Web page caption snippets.
-=-=-=-=-

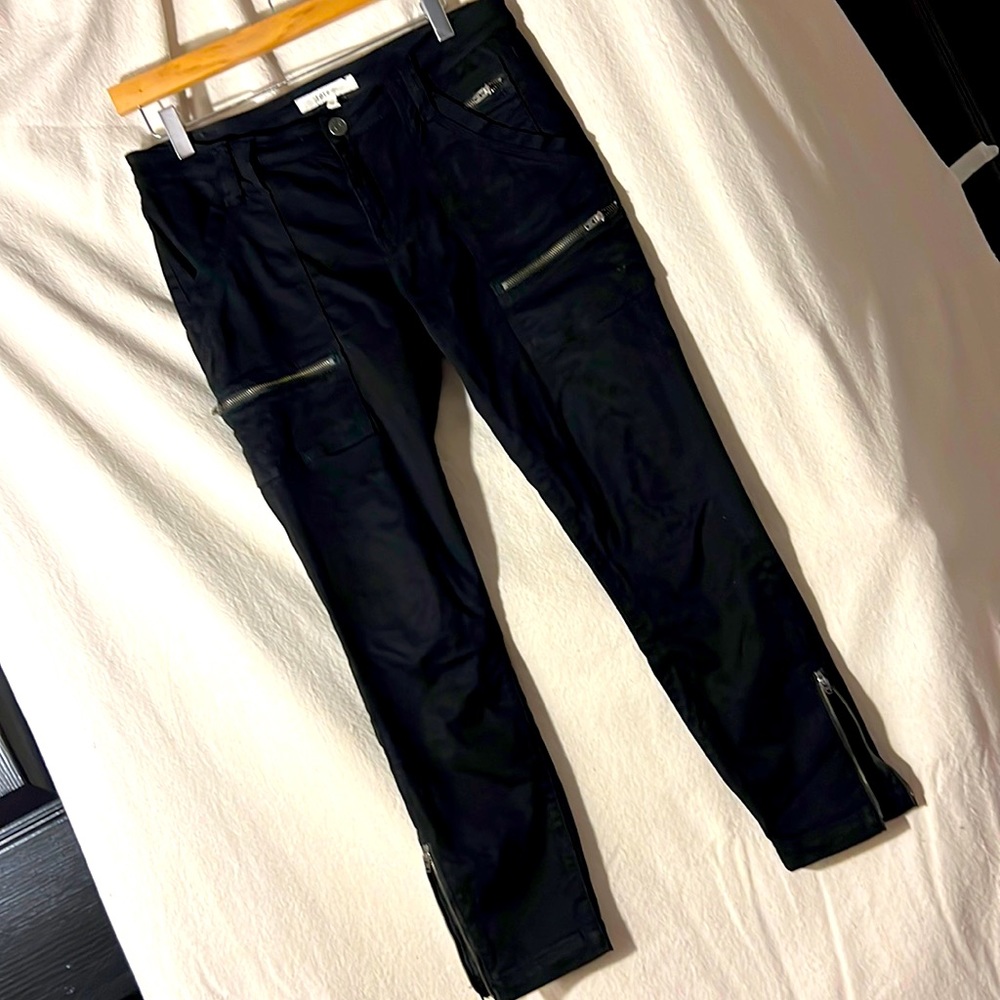 Joie black Park cotton pants with ankle zips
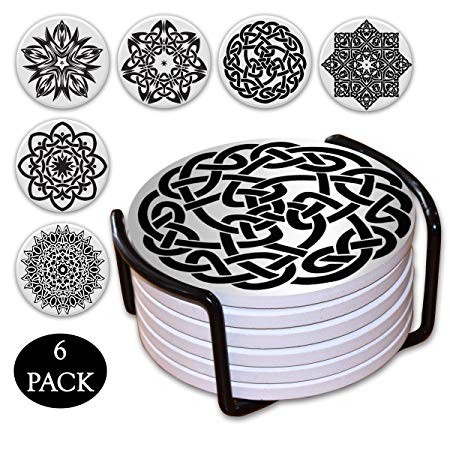 Coaster For Drinks By OMBAK, Extra Large And Ultra Absorbent, Ornamented With Timeless Celtic Artistry To Accent Any Decor, Easy to Wash and Stack, Set of 6 With Holder I …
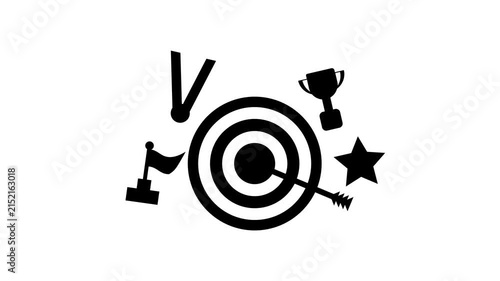 Animated Business Target Concept with Arrow Bullseye and Achievement Icons Silhouette Flat Vector Motion Graphic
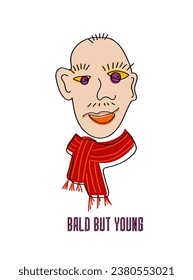 Surrealistic face with text - bald but young. Comic print for t-shirt or notepad.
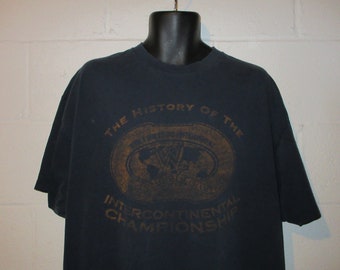 Vintage WWE History of the Intercontinental Championship Distressed T-Shirt 2XL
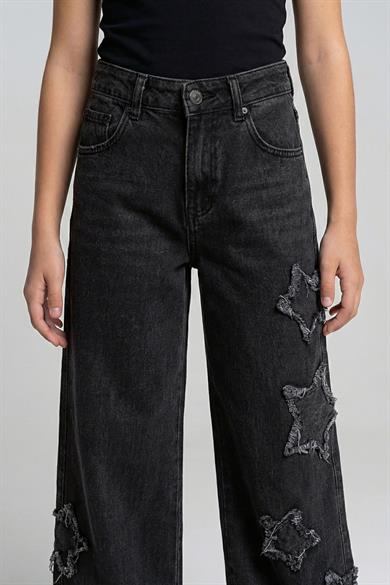 Mojo Kız Çocuk 9-14 Yaş Yıldız Nakışlı Denim  Palazzo Siyah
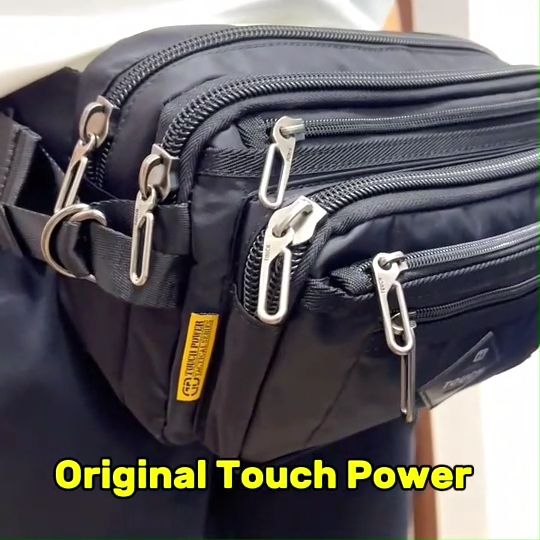Ready Stock!! Touch Power 8 Zip Compartment Men Waist Bag Chest Bag Pouch Bag Smooth Nylon Bag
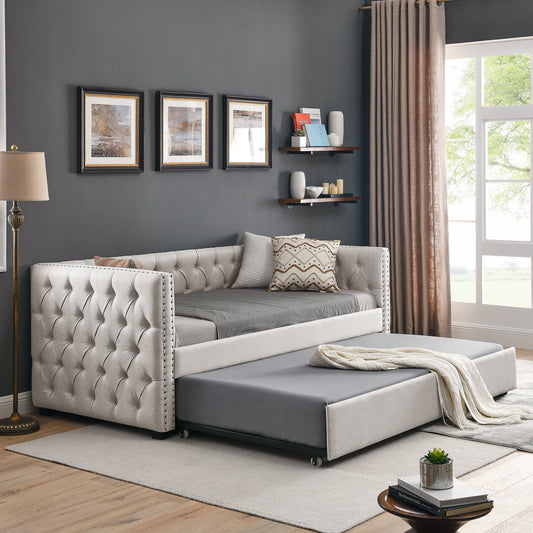 Marcel Traditional Tufted Daybed Trundle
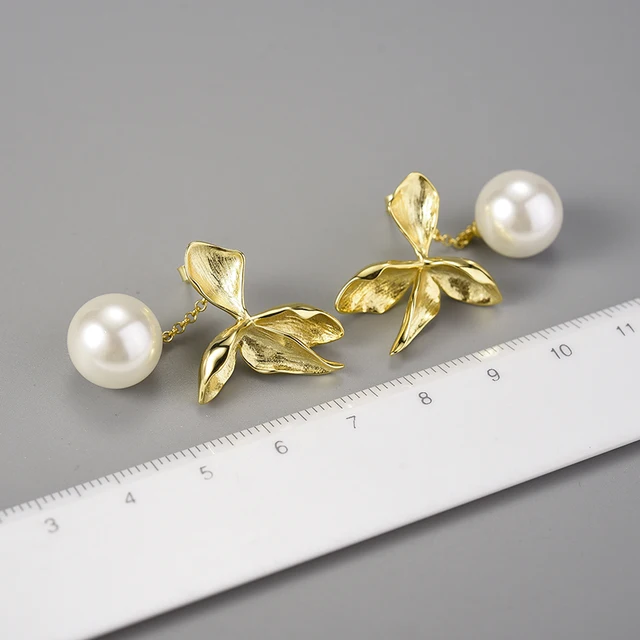 Mother of Pearl Silver Dangle Earrings - Image 6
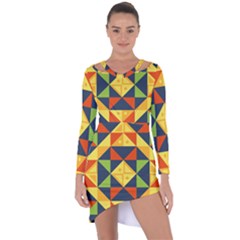 Background Geometric Color Asymmetric Cut-Out Shift Dress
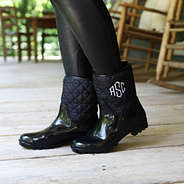 Monogrammed Rain Boots with black leggings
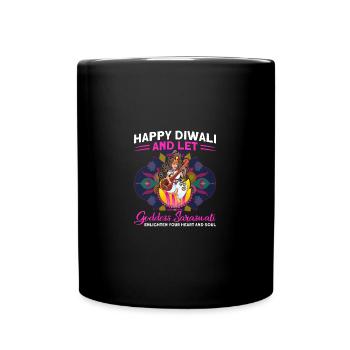 Diwali Hindus Sikh Festival of Lights Gift - Full Colour Mug - black - Front
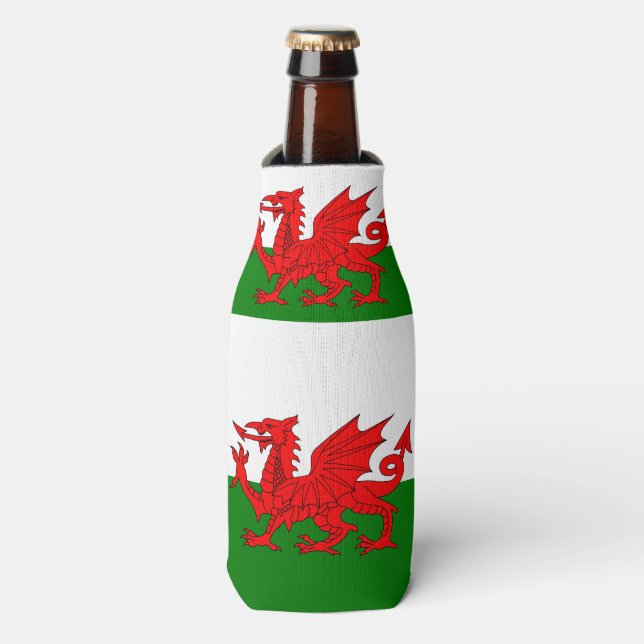 Enfriador De Botellas Bandera de Gales dragón rojo galés (Frente de la botella)
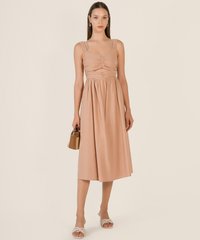 Venetia Gathered Cut Out Midi Dress in Desert Rose Women's Clothing Online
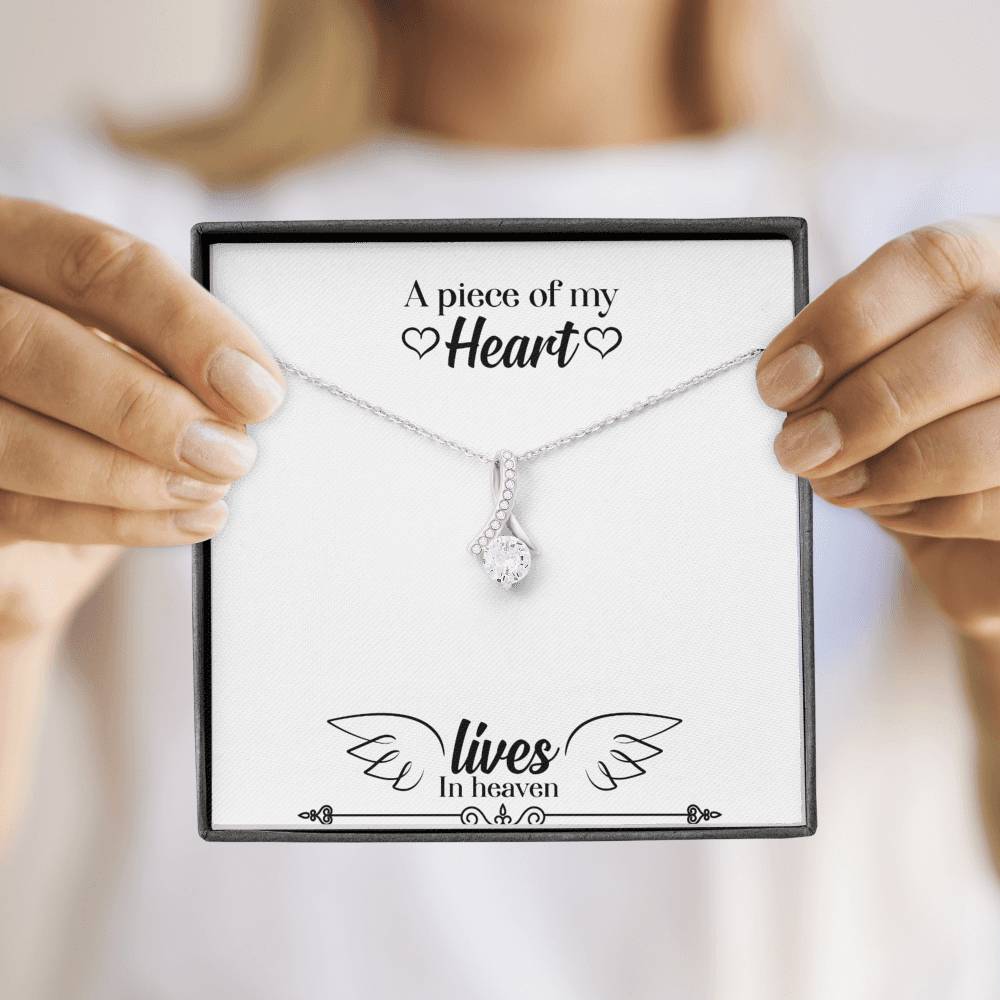 CARD#62-A_piece_of_my_heart_text 18K White Gold Plated Ribbon Love Necklace made with  Crystals Elsy Style Jewelry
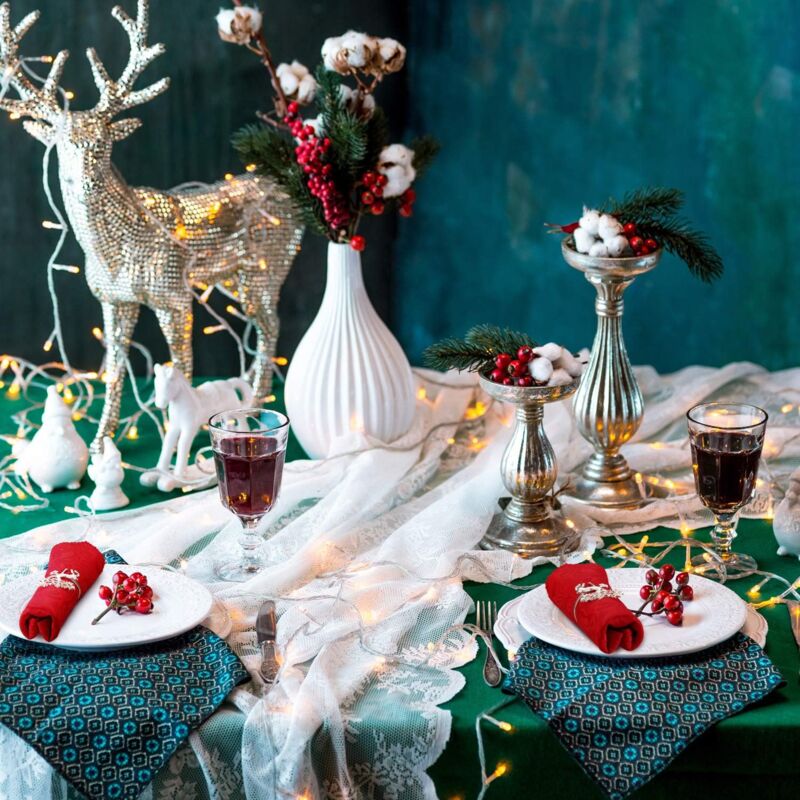 Anneaux Serviette De Table Noel Lot De 6 Ronds De Serviette De Noël Avec Pomme De Pin Rouge, Feuillage De Noël Et Baies Rouges, Ronds De Serviette De Noël Pour Noël, Mariage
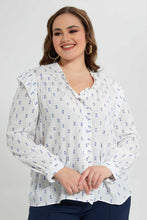 Load image into Gallery viewer, Redtag-White-Blue-Dobby-Blouse-Blouses-Women's-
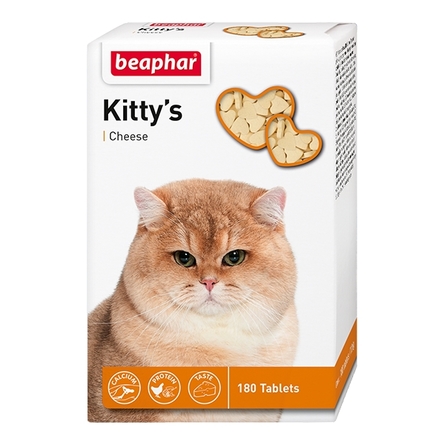 Image beaphar Kitty's And Cheese Кормовая добавка для взрослых кошек (с сыром), 180 таблеток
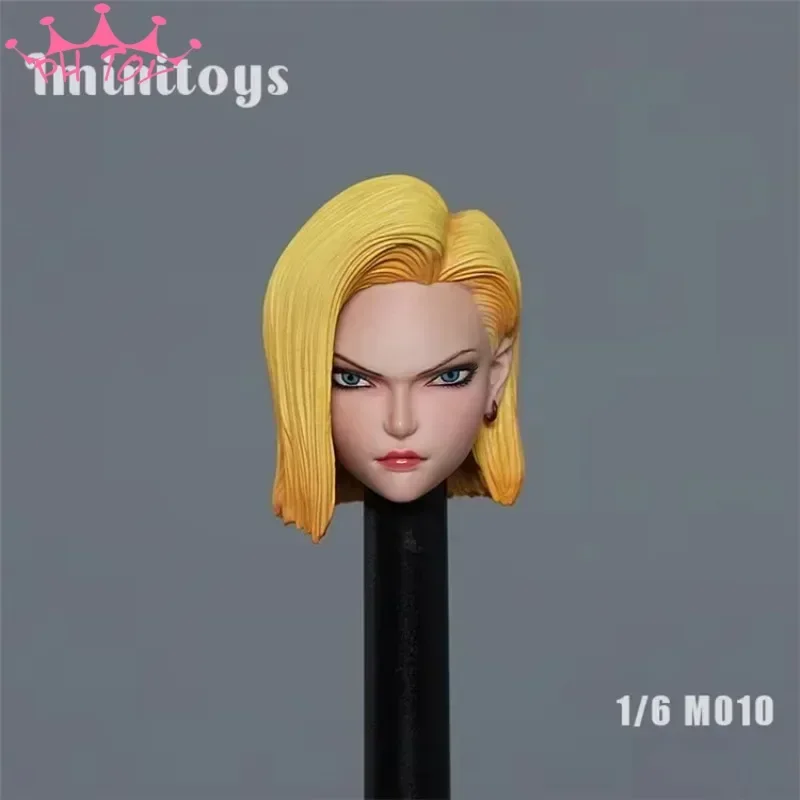 M010 1/6 1/12 Масштаб Android18 Красота Девушка Голова играла Лазурита Скульптурная модель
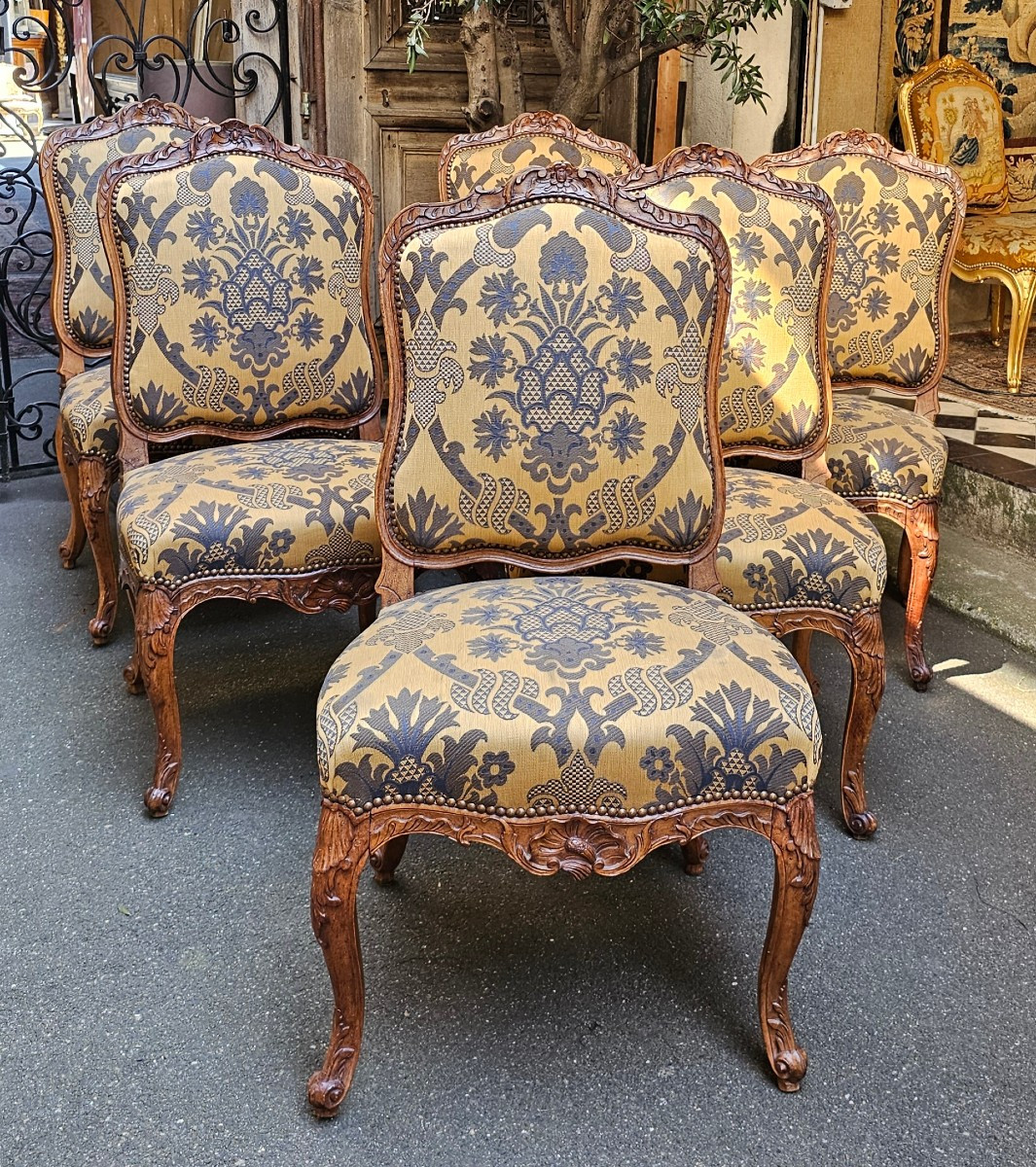 Suite Of Six Flat-back Chairs Louis XV Period
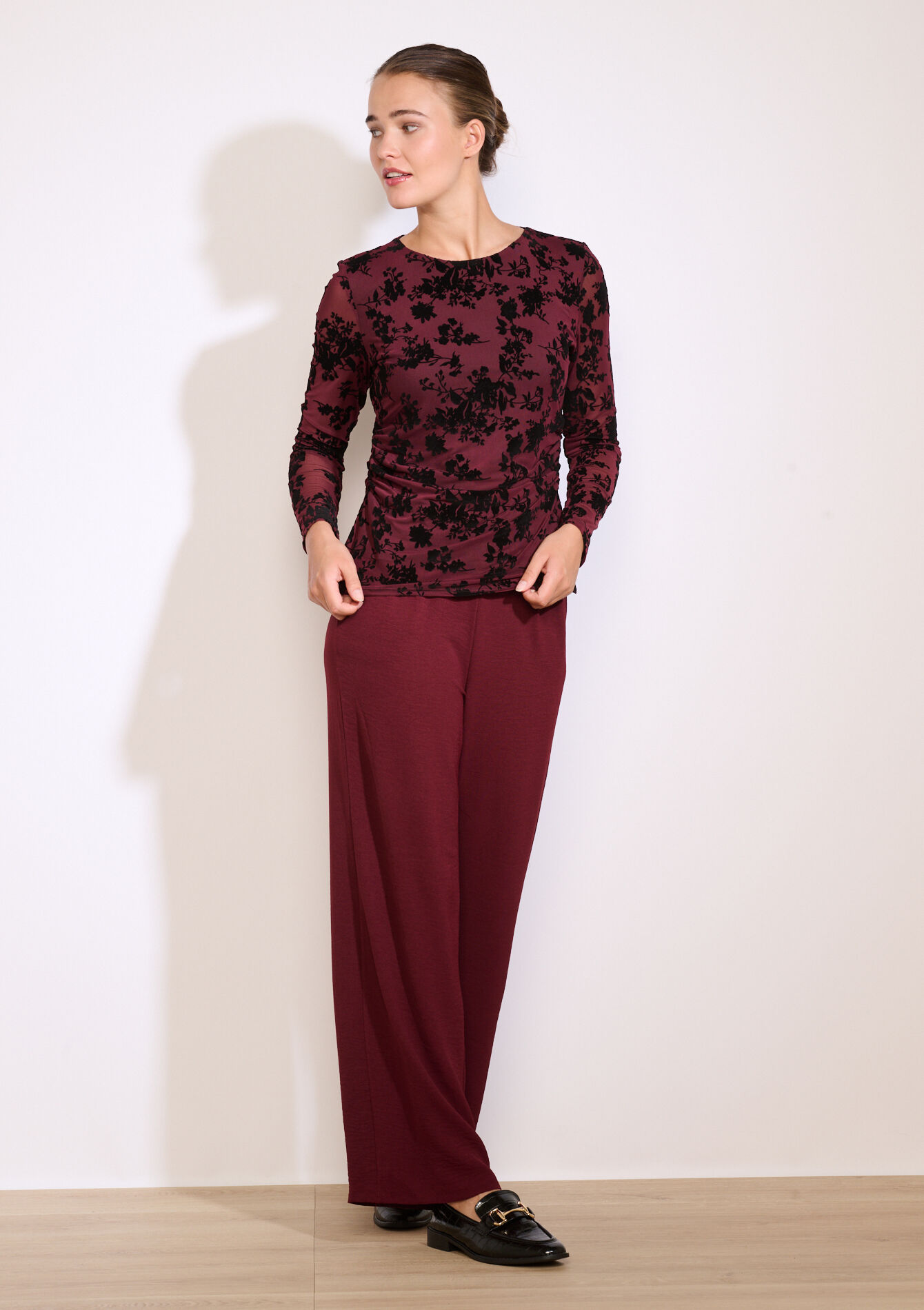 Top en velours floral, Top en velours floral - BORDEAUX WINE - 02100318_5514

-=-=-=-=-

YOUR ASSIGNMENT. Output all of the records exactly as they appear above, but not the pictures.

RESPONSE TO THIS EXERCISE.
 Joie black Park cotton pants with ankle zips
 Coaster For Drinks By OMBAK, Extra Large And Ultra Absorbent, Ornamented With Timeless Celtic Artistry To Accent Any Decor, Easy to Wash and Stack, Set of 6 With Holder I …
 Animated Business Target Concept with Arrow Bullseye and Achievement Icons Silhouette Flat Vector Motion Graphic
 Surrealistic face with text - bald but young. Comic print for t-shirt or notepad.
 Vintage WWE History of the Intercontinental Championship Distressed T-Shirt 2XL
 Mojo Kız Çocuk 9-14 Yaş Yıldız Nakışlı Denim  Palazzo Siyah
Ready Stock!! Touch Power 8 Zip Compartment Men Waist Bag Chest Bag Pouch Bag Smooth Nylon Bag
 Marcel Traditional Tufted Daybed Trundle
 Mother of Pearl Silver Dangle Earrings - Image 6
 Background Geometric Color Asymmetric Cut-Out Shift Dress
 Monogrammed Rain Boots with black leggings
 Diwali Hindus Sikh Festival of Lights Gift - Full Colour Mug - black - Front
 Enfriador De Botellas Bandera de Gales dragón rojo galés (Frente de la botella)
 Venetia Gathered Cut Out Midi Dress in Desert Rose Women's Clothing Online
 CARD#62-A_piece_of_my_heart_text 18K White Gold Plated Ribbon Love Necklace made with  Crystals Elsy Style Jewelry
 Anneaux Serviette De Table Noel Lot De 6 Ronds De Serviette De Noël Avec Pomme De Pin Rouge, Feuillage De Noël Et Baies Rouges, Ronds De Serviette De Noël Pour Noël, Mariage
 Load image into Gallery viewer, Redtag-White-Blue-Dobby-Blouse-Blouses-Women's-
 Image beaphar Kitty's And Cheese Кормовая добавка для взрослых кошек (с сыром), 180 таблеток
 M010 1/6 1/12 Масштаб Android18 Красота Девушка Голова играла Лазурита Скульптурная модель
 Suite Of Six Flat-back Chairs Louis XV Period
 Top en velours floral, Top en velours floral - BORDEAUX WINE - 02100318_5514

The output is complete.